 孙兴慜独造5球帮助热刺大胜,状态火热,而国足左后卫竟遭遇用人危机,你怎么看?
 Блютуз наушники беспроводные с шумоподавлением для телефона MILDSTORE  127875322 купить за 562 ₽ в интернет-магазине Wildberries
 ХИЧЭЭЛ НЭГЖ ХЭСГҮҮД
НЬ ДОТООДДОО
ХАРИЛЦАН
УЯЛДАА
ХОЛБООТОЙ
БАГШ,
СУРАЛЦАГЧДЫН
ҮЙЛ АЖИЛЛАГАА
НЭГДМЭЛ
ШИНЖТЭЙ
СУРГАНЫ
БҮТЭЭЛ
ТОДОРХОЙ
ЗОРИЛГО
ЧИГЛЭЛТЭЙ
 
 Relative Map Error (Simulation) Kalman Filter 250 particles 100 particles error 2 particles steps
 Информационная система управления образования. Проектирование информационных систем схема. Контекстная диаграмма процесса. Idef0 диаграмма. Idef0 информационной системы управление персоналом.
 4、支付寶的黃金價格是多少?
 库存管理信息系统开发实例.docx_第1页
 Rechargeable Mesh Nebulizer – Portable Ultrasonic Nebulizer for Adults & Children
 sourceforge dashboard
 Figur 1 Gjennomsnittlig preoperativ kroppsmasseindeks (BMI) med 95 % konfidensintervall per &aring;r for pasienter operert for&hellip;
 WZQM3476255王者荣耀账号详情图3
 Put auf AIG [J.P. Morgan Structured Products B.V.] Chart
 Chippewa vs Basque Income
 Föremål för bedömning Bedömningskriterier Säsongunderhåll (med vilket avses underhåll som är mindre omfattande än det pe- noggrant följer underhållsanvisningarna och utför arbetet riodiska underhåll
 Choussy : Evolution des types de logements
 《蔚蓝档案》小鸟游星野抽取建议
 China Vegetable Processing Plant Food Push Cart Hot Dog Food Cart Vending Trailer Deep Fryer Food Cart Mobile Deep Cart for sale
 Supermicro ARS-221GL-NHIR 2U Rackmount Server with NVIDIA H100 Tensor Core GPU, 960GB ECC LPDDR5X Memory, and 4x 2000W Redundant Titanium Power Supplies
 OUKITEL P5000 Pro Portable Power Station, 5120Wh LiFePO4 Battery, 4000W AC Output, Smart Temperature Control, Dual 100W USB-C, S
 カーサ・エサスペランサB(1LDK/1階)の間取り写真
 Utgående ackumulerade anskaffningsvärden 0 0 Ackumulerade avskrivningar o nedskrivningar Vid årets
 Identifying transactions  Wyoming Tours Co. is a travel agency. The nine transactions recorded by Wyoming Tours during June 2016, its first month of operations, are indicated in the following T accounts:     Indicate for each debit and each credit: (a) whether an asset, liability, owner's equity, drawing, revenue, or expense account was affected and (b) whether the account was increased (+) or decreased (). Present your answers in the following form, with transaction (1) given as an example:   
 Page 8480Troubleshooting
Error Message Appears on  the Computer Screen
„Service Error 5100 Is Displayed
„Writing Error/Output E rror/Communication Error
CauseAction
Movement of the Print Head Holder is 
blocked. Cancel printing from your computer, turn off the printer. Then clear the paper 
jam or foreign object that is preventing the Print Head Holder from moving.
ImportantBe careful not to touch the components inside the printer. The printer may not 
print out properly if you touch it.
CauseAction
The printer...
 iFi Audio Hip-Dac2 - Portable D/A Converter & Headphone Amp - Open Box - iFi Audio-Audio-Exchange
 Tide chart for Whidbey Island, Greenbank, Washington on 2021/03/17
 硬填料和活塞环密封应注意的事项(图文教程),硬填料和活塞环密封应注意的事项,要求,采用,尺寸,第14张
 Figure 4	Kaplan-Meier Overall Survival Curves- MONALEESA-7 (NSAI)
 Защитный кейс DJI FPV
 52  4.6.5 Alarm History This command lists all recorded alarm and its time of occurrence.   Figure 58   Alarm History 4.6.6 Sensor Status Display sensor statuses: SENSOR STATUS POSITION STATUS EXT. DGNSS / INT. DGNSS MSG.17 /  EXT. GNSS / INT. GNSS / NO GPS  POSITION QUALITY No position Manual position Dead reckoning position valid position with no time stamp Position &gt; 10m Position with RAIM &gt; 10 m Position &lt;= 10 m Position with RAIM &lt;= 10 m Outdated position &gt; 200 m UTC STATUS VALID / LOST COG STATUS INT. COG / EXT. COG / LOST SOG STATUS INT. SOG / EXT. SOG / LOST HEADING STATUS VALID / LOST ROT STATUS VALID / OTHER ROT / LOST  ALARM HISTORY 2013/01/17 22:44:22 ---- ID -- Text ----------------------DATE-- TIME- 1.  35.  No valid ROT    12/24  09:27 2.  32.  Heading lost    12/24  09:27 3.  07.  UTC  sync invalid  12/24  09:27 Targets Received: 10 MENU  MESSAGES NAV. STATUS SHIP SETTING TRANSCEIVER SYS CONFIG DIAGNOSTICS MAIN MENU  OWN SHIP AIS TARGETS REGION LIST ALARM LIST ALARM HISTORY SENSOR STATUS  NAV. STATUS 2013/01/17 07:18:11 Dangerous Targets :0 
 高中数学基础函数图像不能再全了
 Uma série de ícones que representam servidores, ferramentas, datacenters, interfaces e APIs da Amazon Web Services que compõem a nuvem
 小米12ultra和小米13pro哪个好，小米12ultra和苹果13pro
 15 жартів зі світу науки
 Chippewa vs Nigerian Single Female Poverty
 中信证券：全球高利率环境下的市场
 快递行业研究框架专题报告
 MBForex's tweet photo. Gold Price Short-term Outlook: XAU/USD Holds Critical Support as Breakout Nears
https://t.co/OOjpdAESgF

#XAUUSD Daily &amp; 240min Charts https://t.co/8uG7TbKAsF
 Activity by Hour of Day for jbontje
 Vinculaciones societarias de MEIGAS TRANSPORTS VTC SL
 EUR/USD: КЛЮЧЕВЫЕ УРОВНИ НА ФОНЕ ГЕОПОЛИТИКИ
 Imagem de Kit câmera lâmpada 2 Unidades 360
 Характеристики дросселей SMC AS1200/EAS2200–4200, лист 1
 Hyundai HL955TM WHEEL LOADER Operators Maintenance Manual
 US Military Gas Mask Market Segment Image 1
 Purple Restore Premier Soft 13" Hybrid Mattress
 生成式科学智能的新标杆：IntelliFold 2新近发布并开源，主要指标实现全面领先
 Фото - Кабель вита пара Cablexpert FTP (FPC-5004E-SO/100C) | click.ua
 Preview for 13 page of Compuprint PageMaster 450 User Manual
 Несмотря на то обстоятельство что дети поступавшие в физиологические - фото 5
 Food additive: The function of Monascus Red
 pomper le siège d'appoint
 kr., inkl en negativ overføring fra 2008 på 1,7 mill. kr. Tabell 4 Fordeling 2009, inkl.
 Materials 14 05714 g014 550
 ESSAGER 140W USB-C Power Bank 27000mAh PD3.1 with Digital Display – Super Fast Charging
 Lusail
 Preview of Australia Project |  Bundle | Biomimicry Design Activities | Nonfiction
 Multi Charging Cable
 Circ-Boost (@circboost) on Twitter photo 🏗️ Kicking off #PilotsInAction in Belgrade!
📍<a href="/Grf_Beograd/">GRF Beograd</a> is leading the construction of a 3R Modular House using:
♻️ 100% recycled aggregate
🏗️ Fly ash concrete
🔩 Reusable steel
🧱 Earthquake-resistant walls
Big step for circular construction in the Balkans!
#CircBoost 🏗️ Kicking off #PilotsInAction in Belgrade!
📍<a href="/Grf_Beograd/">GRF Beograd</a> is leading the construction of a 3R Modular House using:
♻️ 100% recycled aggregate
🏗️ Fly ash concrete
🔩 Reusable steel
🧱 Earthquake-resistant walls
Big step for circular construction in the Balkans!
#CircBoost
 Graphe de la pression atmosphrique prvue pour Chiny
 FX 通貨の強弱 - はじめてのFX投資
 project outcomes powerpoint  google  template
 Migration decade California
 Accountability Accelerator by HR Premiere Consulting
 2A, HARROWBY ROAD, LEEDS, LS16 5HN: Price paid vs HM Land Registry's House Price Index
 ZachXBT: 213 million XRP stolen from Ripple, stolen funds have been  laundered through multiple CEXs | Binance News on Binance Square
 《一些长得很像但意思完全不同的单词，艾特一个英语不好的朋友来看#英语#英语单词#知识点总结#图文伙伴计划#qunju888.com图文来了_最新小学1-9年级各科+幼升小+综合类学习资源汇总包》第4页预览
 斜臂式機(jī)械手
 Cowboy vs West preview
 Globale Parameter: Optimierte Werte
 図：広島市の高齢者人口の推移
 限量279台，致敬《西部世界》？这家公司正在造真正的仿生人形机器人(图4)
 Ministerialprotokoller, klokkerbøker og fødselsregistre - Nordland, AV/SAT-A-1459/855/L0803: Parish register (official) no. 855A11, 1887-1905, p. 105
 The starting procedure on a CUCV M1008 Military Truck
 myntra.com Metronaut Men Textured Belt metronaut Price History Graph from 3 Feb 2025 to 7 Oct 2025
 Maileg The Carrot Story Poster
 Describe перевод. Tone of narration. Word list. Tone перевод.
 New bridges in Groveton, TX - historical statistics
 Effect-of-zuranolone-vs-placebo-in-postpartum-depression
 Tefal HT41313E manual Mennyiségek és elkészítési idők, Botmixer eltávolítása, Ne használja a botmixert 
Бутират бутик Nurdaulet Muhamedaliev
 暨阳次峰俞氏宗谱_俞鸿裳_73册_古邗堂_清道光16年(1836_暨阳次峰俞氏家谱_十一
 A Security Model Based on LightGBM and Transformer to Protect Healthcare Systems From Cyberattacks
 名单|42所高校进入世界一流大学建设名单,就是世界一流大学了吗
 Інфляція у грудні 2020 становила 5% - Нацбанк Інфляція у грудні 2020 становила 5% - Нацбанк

──────

■ EXERCISE REQUIREMENTS ■
Only the span from the line with "ZachXBT: 213 million" through the final line of the records goes in the output, each line unchanged.

■ RESPONSE FOR THIS EXERCISE ■
 ZachXBT: 213 million XRP stolen from Ripple, stolen funds have been  laundered through multiple CEXs | Binance News on Binance Square
 《一些长得很像但意思完全不同的单词，艾特一个英语不好的朋友来看#英语#英语单词#知识点总结#图文伙伴计划#qunju888.com图文来了_最新小学1-9年级各科+幼升小+综合类学习资源汇总包》第4页预览
 斜臂式機(jī)械手
 Cowboy vs West preview
 Globale Parameter: Optimierte Werte
 図：広島市の高齢者人口の推移
 限量279台，致敬《西部世界》？这家公司正在造真正的仿生人形机器人(图4)
 Ministerialprotokoller, klokkerbøker og fødselsregistre - Nordland, AV/SAT-A-1459/855/L0803: Parish register (official) no. 855A11, 1887-1905, p. 105
 The starting procedure on a CUCV M1008 Military Truck
 myntra.com Metronaut Men Textured Belt metronaut Price History Graph from 3 Feb 2025 to 7 Oct 2025
 Maileg The Carrot Story Poster
 Describe перевод. Tone of narration. Word list. Tone перевод.
 New bridges in Groveton, TX - historical statistics
 Effect-of-zuranolone-vs-placebo-in-postpartum-depression
 Tefal HT41313E manual Mennyiségek és elkészítési idők, Botmixer eltávolítása, Ne használja a botmixert 
Бутират бутик Nurdaulet Muhamedaliev
 暨阳次峰俞氏宗谱_俞鸿裳_73册_古邗堂_清道光16年(1836_暨阳次峰俞氏家谱_十一
 A Security Model Based on LightGBM and Transformer to Protect Healthcare Systems From Cyberattacks
 名单|42所高校进入世界一流大学建设名单,就是世界一流大学了吗
 Інфляція у грудні 2020 становила 5% - Нацбанк Інфляція у грудні 2020 становила 5% - Нацбанк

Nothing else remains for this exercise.